─── Supplied material ───

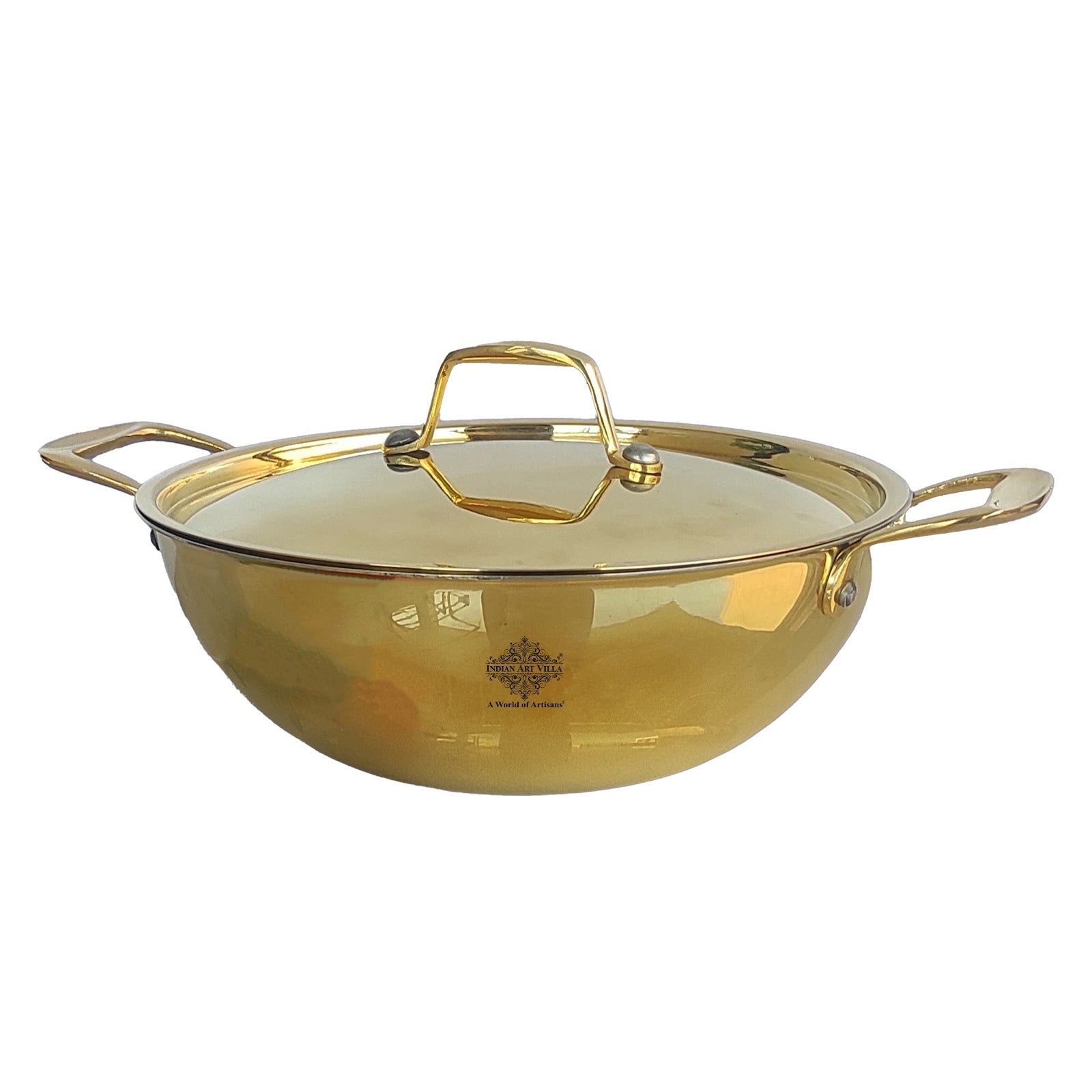 Pure Brass with tin Lining & Gold Finish Kadhai With Lid & Handle
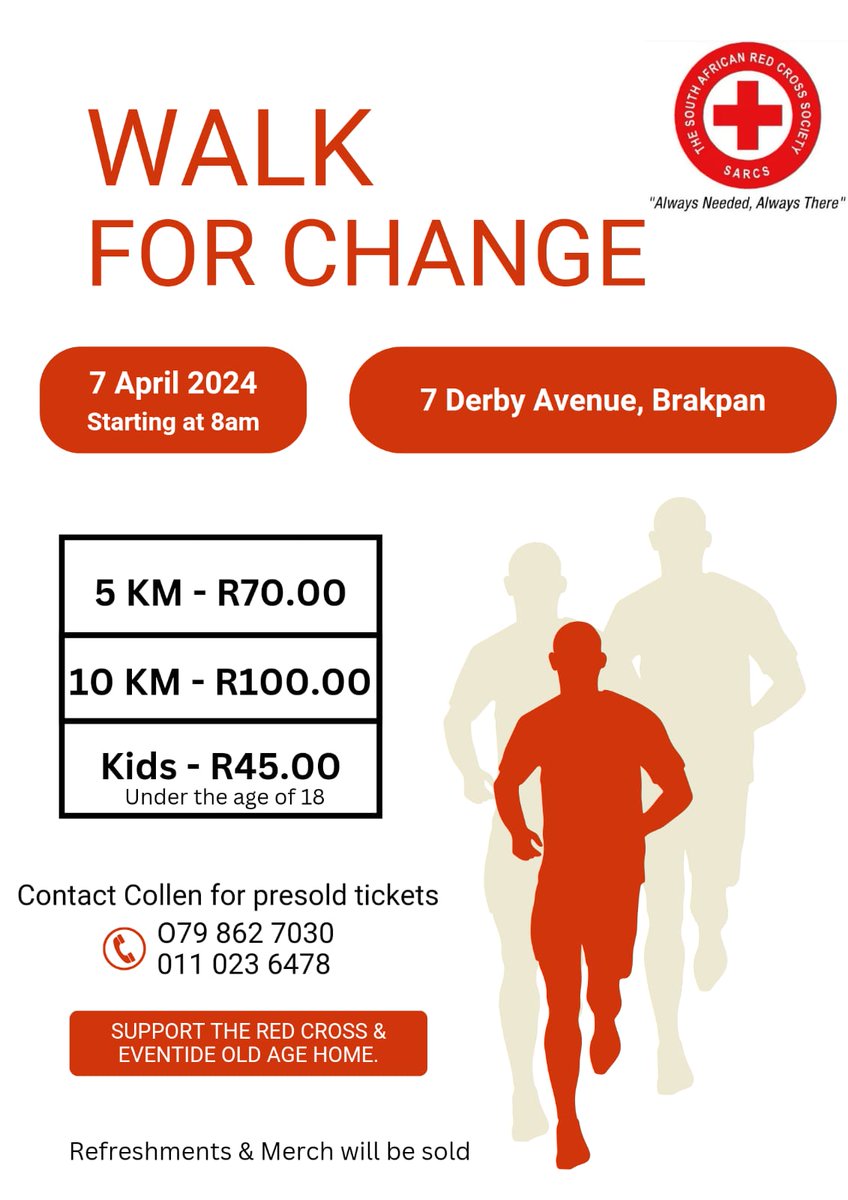 Come join the SARCS Brakpan Branch on a Health Walk to raise awareness and mobilize resources to assist with our continued efforts to provide humanitarian aid and fulfilling our mandate of alleviating human suffering, preserving lives and restoring human dignity.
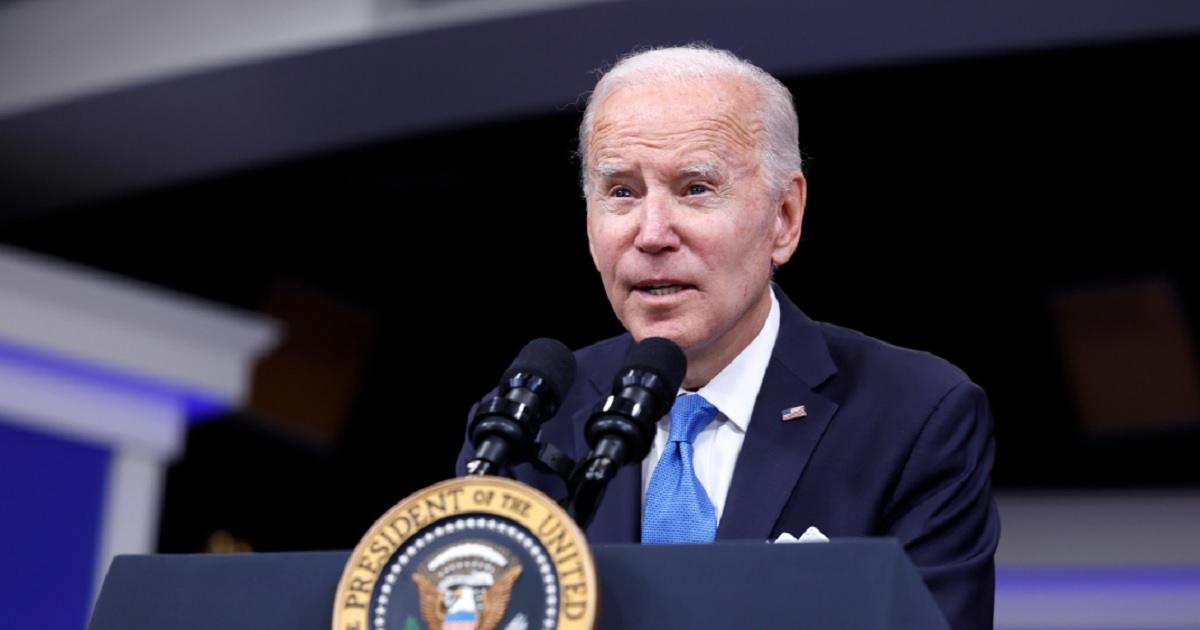 President Joe Biden, pictured giving a speech Monday from the White House's South Court Auditorium.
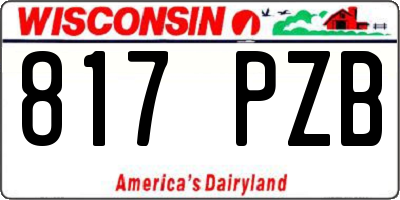 WI license plate 817PZB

───

(Problem to solve): Without the pictures, write out the whole listing exactly as it appears.

(Final answer):
 Pure Brass with tin Lining & Gold Finish Kadhai With Lid & Handle
 Come join the SARCS Brakpan Branch on a Health Walk to raise awareness and mobilize resources to assist with our continued efforts to provide humanitarian aid and fulfilling our mandate of alleviating human suffering, preserving lives and restoring human dignity.
 President Joe Biden, pictured giving a speech Monday from the White House's South Court Auditorium.
 WI license plate 817PZB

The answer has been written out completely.